▸ **To do**
Go through the entries below and work out how many lines include "Christmas". Answer with the number only.

▸ **Material for this task**
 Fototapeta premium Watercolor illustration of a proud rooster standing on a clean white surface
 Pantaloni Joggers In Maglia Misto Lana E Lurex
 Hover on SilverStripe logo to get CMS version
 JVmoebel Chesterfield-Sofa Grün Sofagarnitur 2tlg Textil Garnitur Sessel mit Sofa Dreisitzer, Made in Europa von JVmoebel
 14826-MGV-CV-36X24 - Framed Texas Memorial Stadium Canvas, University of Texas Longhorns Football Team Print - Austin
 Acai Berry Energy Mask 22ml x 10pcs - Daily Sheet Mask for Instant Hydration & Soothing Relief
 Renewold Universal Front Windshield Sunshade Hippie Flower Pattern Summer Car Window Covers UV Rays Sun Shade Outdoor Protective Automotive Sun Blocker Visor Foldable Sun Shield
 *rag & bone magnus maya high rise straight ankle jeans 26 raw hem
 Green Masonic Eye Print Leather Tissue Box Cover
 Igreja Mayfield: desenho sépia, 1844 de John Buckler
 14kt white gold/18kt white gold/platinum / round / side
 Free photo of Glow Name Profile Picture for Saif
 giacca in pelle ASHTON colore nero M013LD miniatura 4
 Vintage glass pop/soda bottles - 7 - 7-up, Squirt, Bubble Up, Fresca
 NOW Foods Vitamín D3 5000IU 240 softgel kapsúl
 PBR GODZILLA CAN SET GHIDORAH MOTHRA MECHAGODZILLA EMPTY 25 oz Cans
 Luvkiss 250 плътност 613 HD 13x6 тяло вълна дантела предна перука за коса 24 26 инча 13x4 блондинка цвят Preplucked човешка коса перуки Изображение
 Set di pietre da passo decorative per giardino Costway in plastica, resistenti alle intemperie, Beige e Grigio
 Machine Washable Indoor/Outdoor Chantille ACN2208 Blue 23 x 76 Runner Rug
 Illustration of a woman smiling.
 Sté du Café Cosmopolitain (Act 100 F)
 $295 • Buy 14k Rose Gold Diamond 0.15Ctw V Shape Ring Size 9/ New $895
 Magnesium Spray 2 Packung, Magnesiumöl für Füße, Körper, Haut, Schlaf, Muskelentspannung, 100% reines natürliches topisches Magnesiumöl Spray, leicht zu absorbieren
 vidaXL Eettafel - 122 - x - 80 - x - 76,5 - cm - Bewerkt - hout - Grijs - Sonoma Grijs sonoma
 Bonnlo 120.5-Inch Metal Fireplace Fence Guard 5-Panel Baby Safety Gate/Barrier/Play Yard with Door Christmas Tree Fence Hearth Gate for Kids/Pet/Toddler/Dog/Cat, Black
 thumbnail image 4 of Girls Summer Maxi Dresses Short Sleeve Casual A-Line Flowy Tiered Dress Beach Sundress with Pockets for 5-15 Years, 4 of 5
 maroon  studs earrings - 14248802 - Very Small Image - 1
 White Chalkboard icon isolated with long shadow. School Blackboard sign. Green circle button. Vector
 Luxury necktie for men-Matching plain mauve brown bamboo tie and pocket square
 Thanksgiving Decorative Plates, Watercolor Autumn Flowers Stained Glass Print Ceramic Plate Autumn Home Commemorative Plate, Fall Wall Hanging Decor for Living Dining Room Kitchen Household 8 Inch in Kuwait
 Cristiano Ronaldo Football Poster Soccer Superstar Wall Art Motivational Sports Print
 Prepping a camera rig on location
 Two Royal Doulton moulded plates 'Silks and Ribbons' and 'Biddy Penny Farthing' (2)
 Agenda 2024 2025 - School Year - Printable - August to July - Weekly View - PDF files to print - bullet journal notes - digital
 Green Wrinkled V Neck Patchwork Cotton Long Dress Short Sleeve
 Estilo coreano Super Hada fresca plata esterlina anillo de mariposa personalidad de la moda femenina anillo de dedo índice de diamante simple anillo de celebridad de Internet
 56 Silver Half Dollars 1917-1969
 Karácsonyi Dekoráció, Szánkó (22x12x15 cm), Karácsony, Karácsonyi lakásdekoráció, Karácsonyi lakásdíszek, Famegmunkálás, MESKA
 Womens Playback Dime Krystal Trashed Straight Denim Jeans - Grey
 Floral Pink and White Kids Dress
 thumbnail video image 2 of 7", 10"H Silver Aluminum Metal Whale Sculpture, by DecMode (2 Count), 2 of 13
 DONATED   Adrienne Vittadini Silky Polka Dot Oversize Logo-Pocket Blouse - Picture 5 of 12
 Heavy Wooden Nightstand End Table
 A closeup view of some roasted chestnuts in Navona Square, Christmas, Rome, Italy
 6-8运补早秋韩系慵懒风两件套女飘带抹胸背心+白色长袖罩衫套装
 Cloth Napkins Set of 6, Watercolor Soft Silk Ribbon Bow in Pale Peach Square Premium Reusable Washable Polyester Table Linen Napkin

▸ **Response to the exercise**
2